That includes a healthy nutrition plan -- muesli, oats, flaxseed, carrots and hay twice a day -- daily exercise, sometimes open to the public, and holidays at the school's country estate for these city animals.
"It's vital for their psyche. They need to get out... to enjoy nature, experience things in the forest, like a rabbit crossing their path," Hamminger said.
Privatised by the state in 2001, the school struggled with millions of euros in debt for years.
The arrival at its helm of Elisabeth Guertler, director of Vienna's famed Hotel Sacher, turned things around, but critics have also accused her of commercialising a traditional institution and overworking the horses with additional performances.
Nonsense, she insisted: "Horses are animals that need movement."
"I don't think a horse has any problem crossing the street twice a week and exercising for 10 minutes (in front of an audience) in a riding hall it sees every day."
Moreover, the school has almost twice as many horses as before, she said.
But even with this increased business, the institution will soon need state financial support, Guertler warned.

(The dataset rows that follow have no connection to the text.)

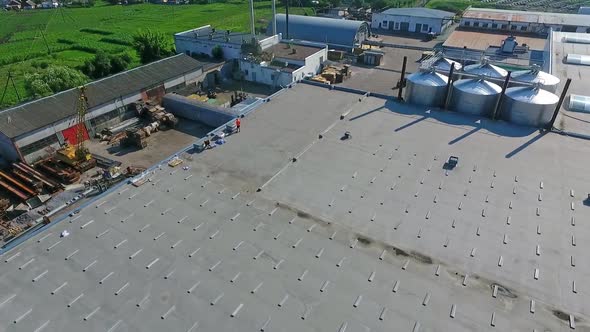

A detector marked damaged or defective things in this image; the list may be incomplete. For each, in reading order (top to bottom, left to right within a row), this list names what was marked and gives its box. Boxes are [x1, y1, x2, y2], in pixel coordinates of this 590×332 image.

large rusty pipe [552, 78, 572, 130]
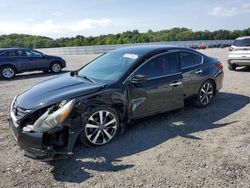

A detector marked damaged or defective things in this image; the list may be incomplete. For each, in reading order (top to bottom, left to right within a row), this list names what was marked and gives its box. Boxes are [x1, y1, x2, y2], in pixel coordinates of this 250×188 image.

detached bumper piece [9, 119, 81, 160]
damaged front bumper [9, 117, 83, 159]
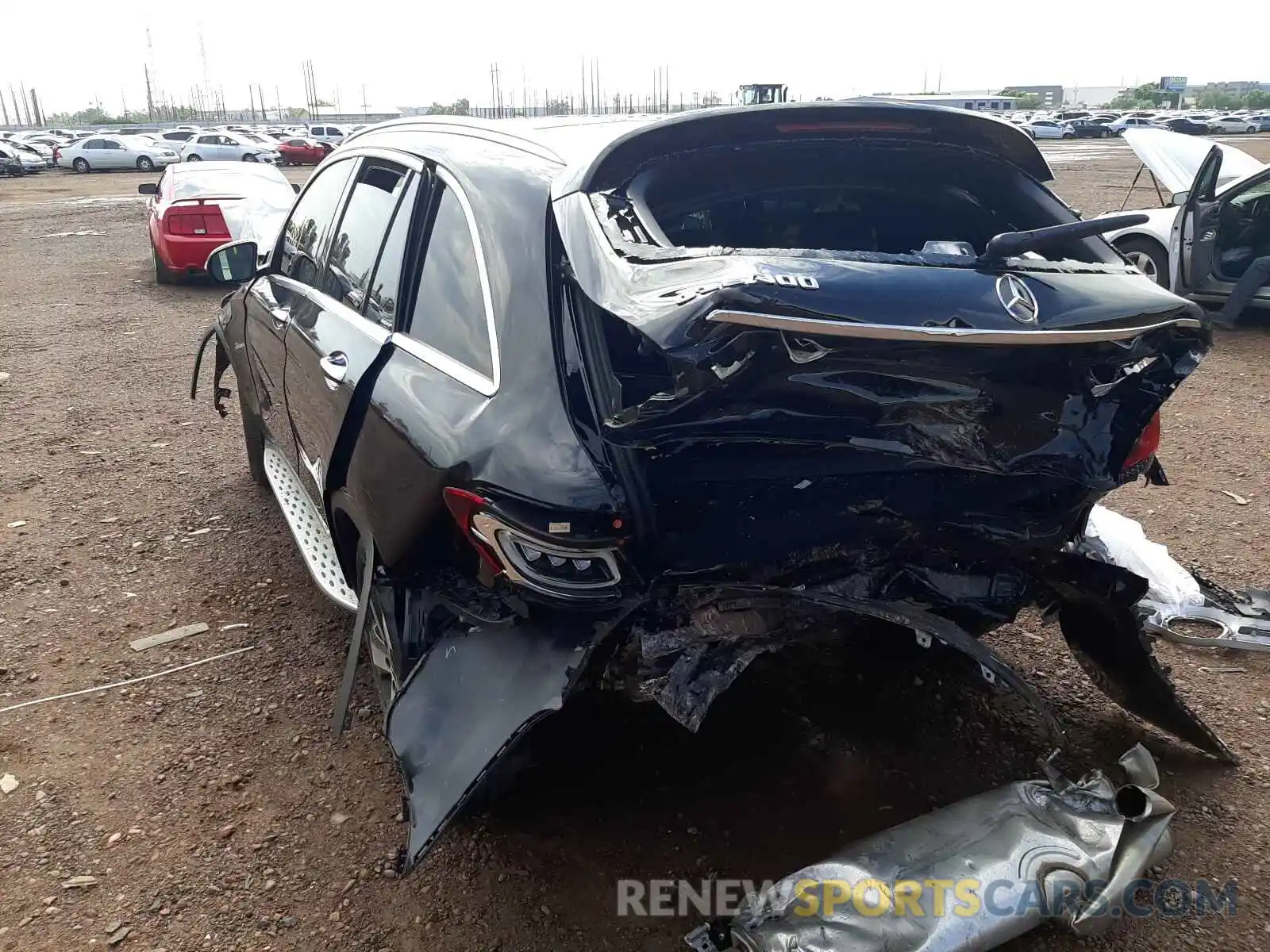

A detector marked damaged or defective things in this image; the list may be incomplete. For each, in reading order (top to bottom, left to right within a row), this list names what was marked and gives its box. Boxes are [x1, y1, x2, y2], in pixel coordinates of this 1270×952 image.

damaged vehicle nearby [1099, 126, 1270, 311]
damaged vehicle nearby [194, 102, 1238, 876]
broken taillight [1124, 409, 1168, 473]
crumpled metal [689, 749, 1175, 946]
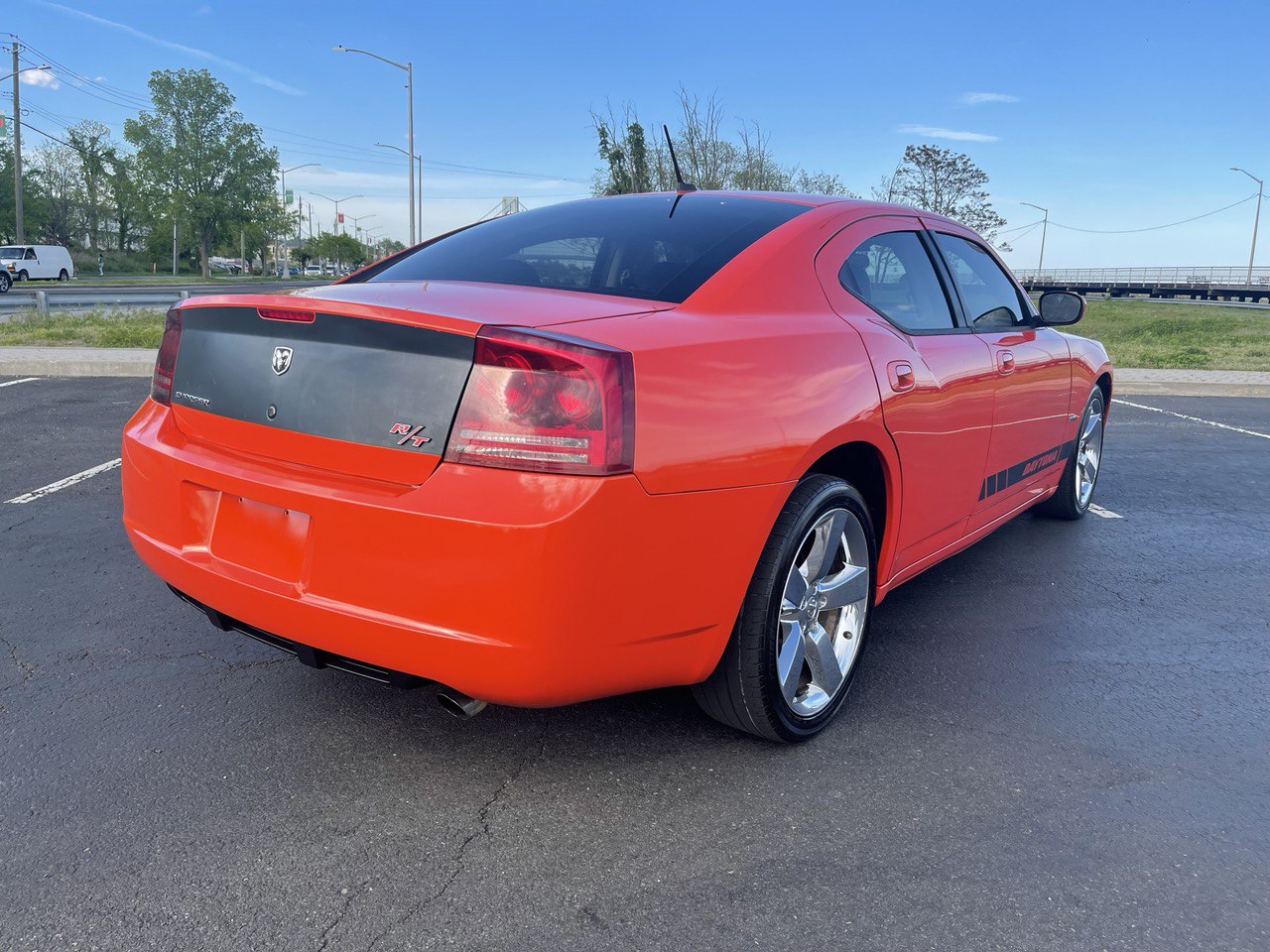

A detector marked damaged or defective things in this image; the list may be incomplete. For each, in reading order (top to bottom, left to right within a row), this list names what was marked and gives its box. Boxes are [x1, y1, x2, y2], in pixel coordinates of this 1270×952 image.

crack in pavement [365, 721, 548, 952]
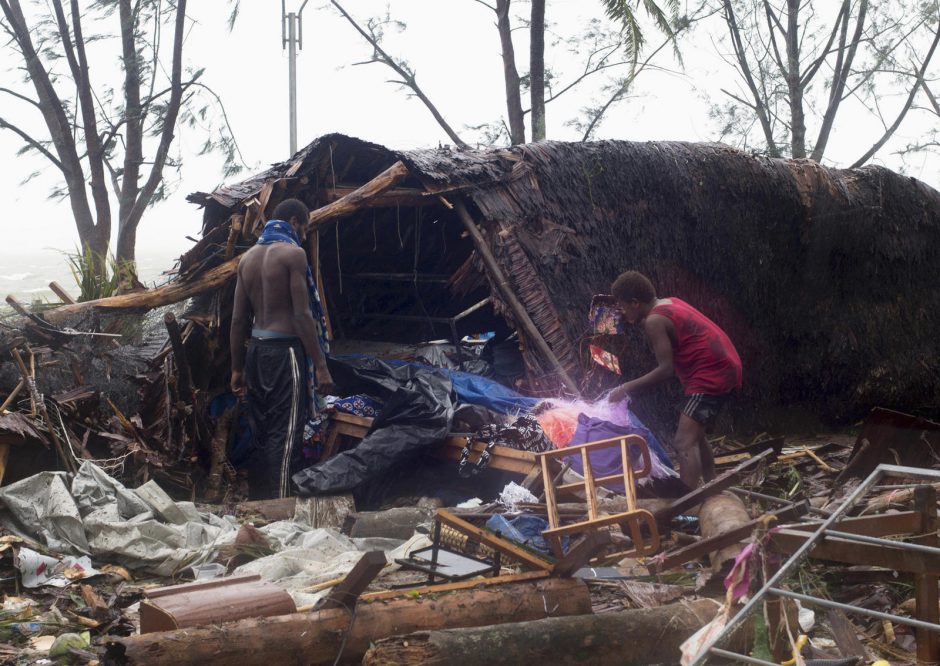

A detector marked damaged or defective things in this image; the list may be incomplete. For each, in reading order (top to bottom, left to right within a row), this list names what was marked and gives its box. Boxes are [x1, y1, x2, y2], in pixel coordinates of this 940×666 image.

broken furniture [536, 436, 660, 560]
broken furniture [138, 572, 294, 632]
damaged wooden beam [106, 572, 592, 660]
damaged wooden beam [360, 596, 748, 664]
broken furniture [692, 462, 940, 664]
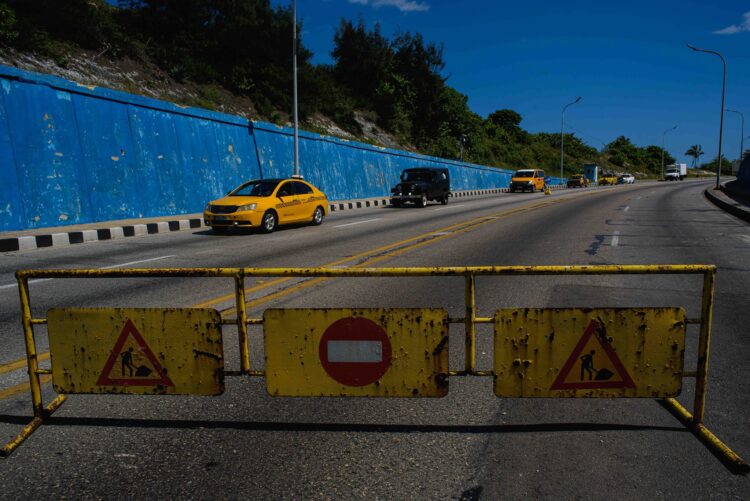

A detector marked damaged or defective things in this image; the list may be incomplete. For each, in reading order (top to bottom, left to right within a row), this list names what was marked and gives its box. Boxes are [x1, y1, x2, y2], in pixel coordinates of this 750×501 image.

rusty barrier frame [1, 264, 748, 470]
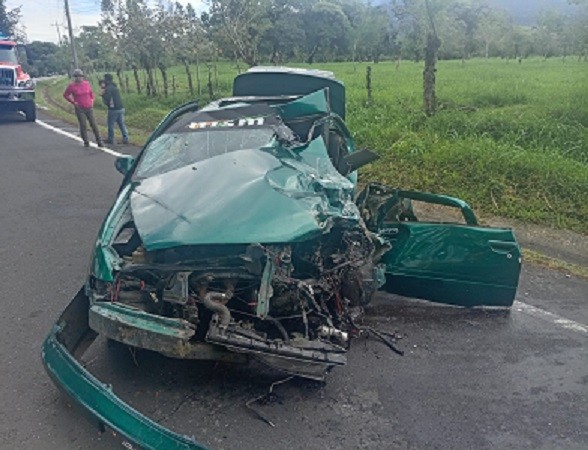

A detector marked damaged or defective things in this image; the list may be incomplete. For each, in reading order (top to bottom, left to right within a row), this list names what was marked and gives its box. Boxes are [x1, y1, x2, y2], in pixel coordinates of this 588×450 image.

shattered windshield [136, 126, 276, 179]
crushed car hood [130, 137, 356, 250]
wrecked green car [41, 67, 520, 450]
detached car door [356, 183, 520, 306]
crumpled fender [42, 288, 207, 450]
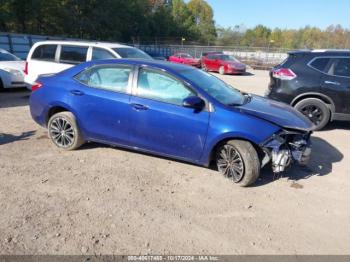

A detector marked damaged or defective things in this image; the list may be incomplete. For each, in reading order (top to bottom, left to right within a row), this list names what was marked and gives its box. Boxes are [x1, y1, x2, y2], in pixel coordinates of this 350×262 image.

front-end collision damage [260, 128, 312, 173]
damaged bumper [260, 129, 312, 174]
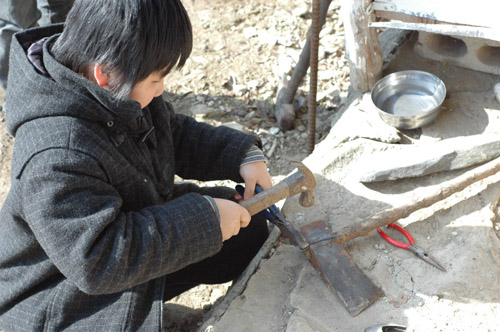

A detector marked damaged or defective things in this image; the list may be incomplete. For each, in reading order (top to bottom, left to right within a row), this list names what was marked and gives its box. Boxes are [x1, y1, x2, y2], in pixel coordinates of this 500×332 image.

rusty metal [306, 0, 322, 154]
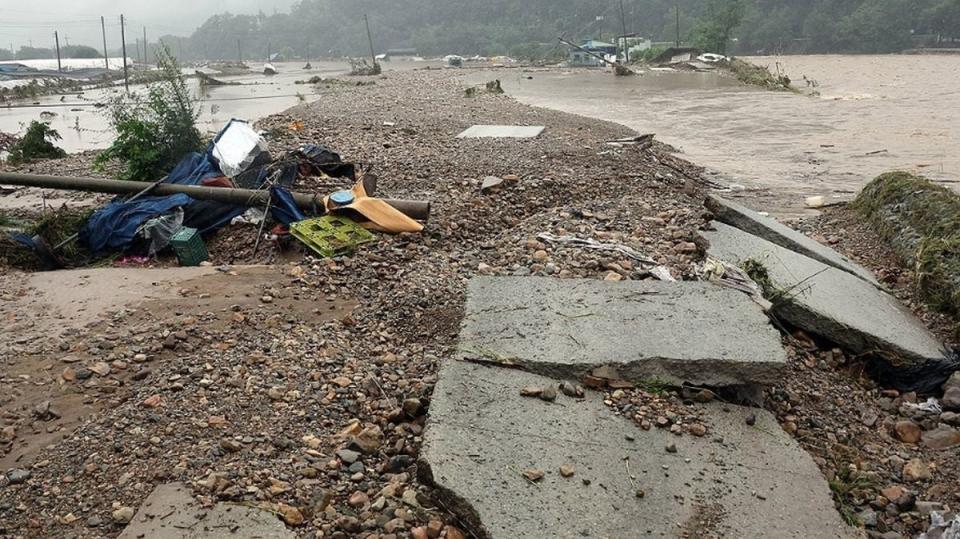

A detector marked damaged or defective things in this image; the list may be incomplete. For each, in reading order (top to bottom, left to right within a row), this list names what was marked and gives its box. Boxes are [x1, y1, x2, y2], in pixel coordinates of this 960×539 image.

cracked concrete slab [704, 195, 876, 286]
cracked concrete slab [460, 278, 788, 388]
damaged road surface [460, 278, 788, 388]
cracked concrete slab [700, 221, 948, 390]
cracked concrete slab [420, 358, 856, 539]
damaged road surface [420, 358, 856, 539]
cracked concrete slab [118, 486, 294, 539]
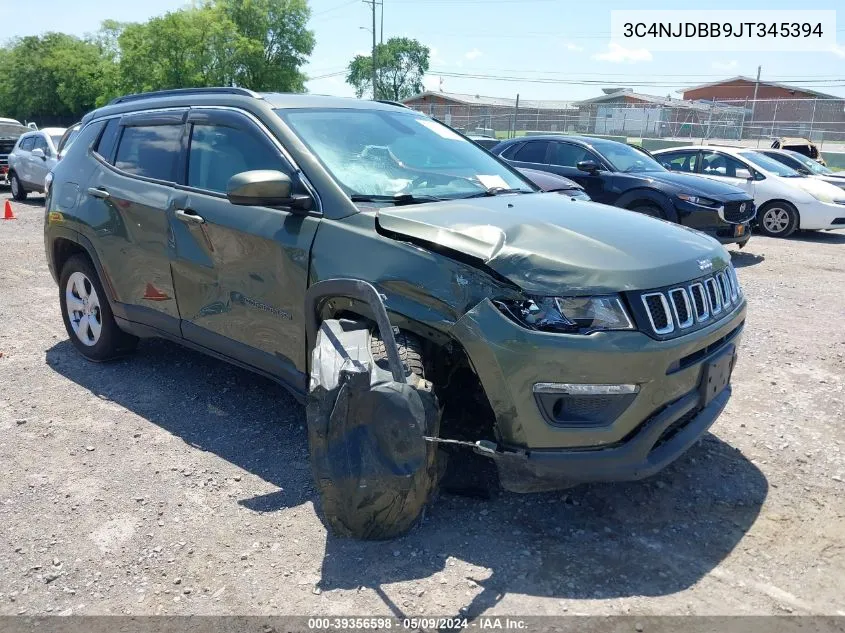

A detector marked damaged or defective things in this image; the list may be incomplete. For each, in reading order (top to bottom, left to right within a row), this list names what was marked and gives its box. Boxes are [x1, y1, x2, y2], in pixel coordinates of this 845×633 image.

cracked windshield [280, 107, 532, 199]
crumpled hood [376, 193, 724, 294]
damaged front end [308, 280, 442, 540]
damaged tire [308, 320, 442, 540]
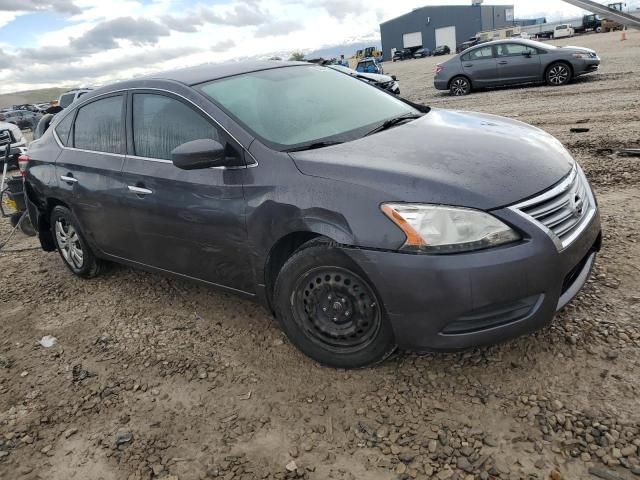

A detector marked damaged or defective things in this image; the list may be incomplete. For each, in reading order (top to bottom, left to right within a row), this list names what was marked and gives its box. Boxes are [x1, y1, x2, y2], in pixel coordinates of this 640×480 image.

damaged vehicle [23, 60, 600, 368]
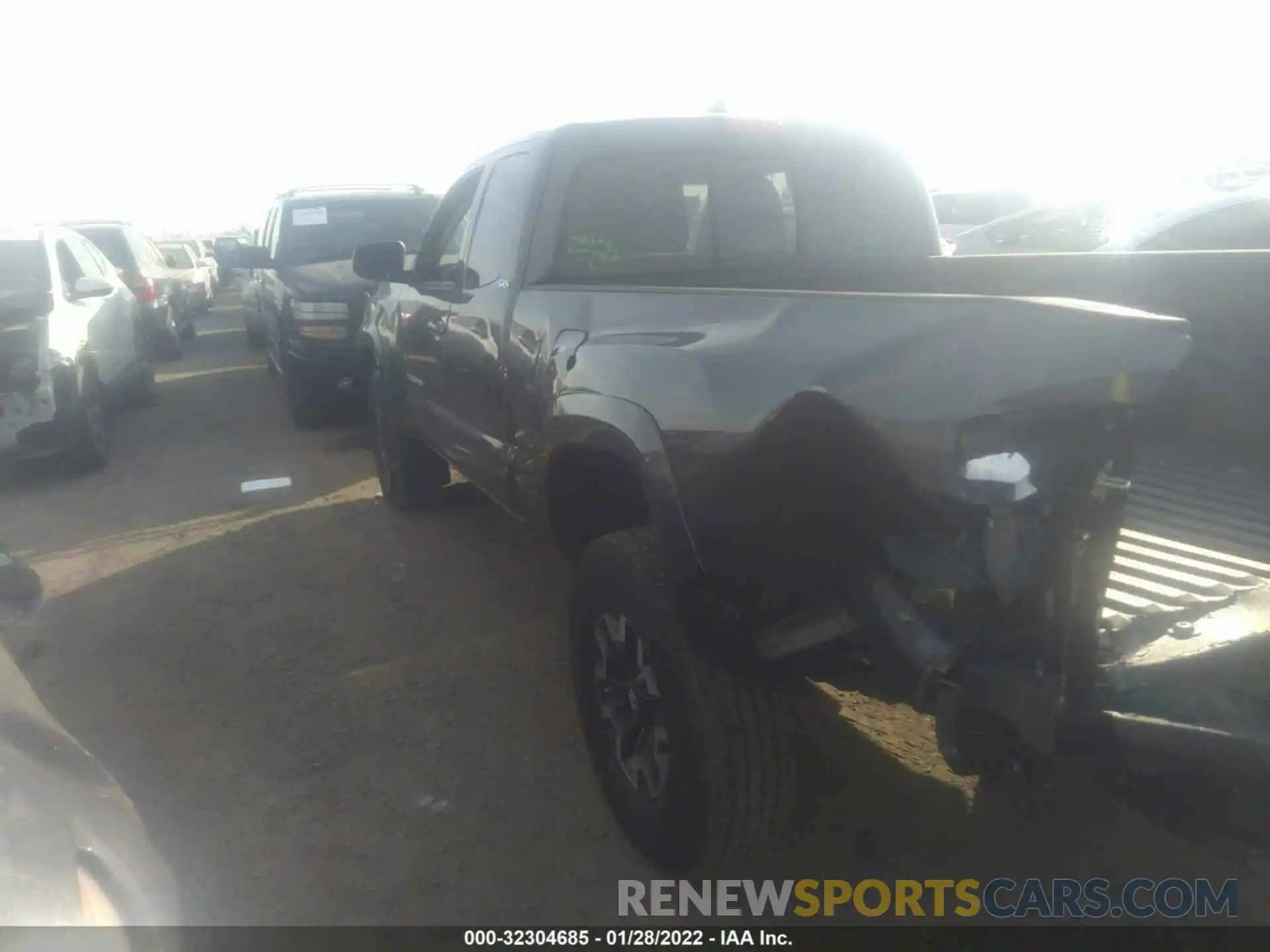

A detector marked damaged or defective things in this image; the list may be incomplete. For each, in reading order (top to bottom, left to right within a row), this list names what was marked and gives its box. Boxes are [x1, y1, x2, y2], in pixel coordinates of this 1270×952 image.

damaged pickup truck [349, 117, 1270, 873]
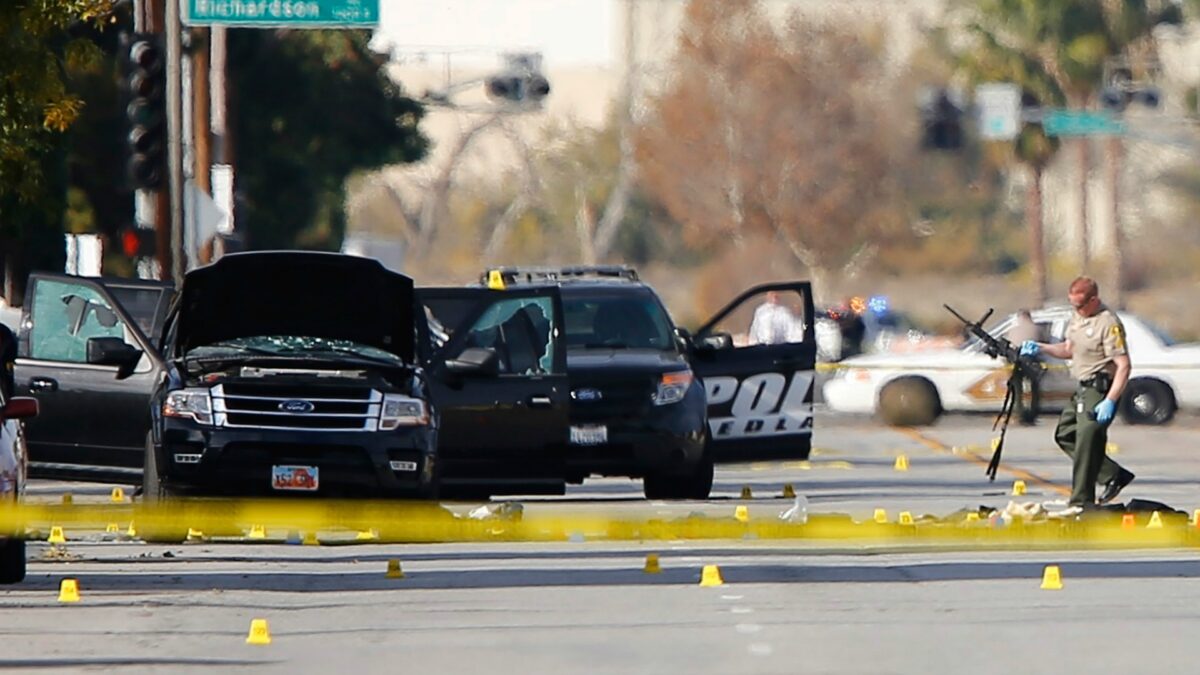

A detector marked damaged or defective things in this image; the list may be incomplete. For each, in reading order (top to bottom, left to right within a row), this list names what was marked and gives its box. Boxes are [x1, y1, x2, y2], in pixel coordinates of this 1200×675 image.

With a history going back 448 years, the Spanish Riding School is the oldest institution of its kind in the world, teaching classical horsemanship in its purest form.
But lately, audiences have been treated to a new sight: since 2008 the school has been accepting female riders.
Every once in a while, one might also spot a dark Lipizzan among the immaculate white steeds: legend has it the school will exist as long as it has a dark horse in its stable.
Dark at birth, these horses -- carefully bred over centuries -- turn white at the age of six or seven.
Aside from their weekly performances in Vienna, the Lipizzan horses also go on tour every year around the world, including to the United States and Japan.
"I think our horses will touch a lot of people. When you think that these are stallions and you see what kind of character they have, how well they perform... then anyone who loves horses will be moved to the core," Guertler said.